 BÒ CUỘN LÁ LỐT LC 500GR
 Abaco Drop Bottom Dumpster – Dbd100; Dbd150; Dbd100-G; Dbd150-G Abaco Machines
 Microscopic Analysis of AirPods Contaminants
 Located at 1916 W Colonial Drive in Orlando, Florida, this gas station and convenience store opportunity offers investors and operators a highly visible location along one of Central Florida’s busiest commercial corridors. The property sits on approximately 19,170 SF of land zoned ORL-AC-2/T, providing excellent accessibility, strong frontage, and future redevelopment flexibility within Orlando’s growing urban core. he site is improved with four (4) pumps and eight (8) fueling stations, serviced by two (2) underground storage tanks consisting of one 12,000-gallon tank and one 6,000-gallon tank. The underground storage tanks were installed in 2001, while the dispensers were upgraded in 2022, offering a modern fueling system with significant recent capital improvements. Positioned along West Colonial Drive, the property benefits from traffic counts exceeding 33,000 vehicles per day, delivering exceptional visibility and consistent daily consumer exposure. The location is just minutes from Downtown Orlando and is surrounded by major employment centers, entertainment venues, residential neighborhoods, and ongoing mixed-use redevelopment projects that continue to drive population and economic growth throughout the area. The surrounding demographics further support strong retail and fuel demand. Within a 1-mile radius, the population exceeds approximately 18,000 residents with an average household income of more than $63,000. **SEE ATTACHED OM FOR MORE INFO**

Your assignment:
Retype exactly the lines of the data above, starting at its first line and finishing with the line that has "Microscopic Analysis of AirPods Contaminants" in it.

Output:
 BÒ CUỘN LÁ LỐT LC 500GR
 Abaco Drop Bottom Dumpster – Dbd100; Dbd150; Dbd100-G; Dbd150-G Abaco Machines
 Microscopic Analysis of AirPods Contaminants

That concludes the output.